The first topic introduced some relatively simple concepts ….’Visitors’, ‘Residents’, ‘Natives’ and ‘Immigrants’.
Having read everyone else’s posts and re-evaluated mine, I suspect we have all failed to challenge the utility of these labels. It was very easy for us to simply categorise ourselves as ‘Residents’ and ‘Natives’. Seeing such self-evidently accurate terms, we’ve fallen into the trap of accepting them and failing to challenge their nature.
The reality is there are a multitude of different ways of characterising people, for example; do they trust the web or don’t they, do they take the web with them (on their smartphones) or leave it behind them, do they contribute to knowledge (via Wikipedia etc) or just leave social markers, etc.
Before you develop labels you should define their purpose. For example, are you labelling people because you want to identify those you can sell something to, to identify those who need training, or to identify security risks. I haven’t read Prensky’s, White or Le Cornu’s work in detail but nothing I have seen so far defined what the purpose of the labels were.

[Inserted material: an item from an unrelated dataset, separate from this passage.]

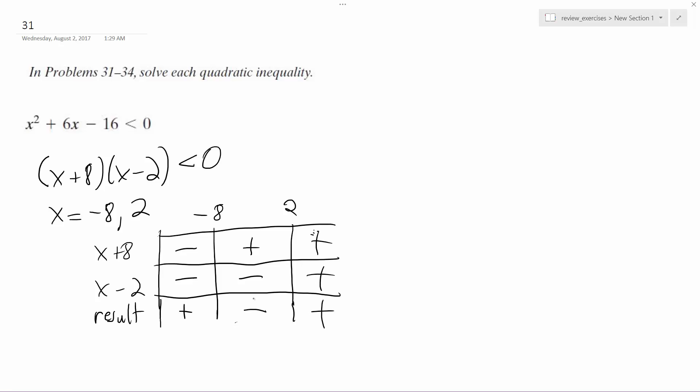So it has to be less than, which means less than 0, so that means only in this instance. So x is greater than negative 8 but less than 2. And this is our final solution. That's how you solve it.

At this point I’m looking at these simple labels and asking if they are of more than academic interest.
In any case, our blogs, like all collaborative platforms, enabled us to share our views. Andrew Ghiacy’s embedded YouTube video of a baby trying to interact with a magazine was the post that triggered the most inward debate for me, re: the extent to which we might become ‘trapped’ by a mind-set introduced by the web.
For me, the film The Matrix, is the logical extension of this fear.
An example of this is the world postulated by Isaac Asimov (twentieth century science fiction writer) in which people used ‘remote viewing’ to see each other; to actually physically meet anyone was regarded as repugnant.
Who knows what paths the web will take and what labels we will ultimately need.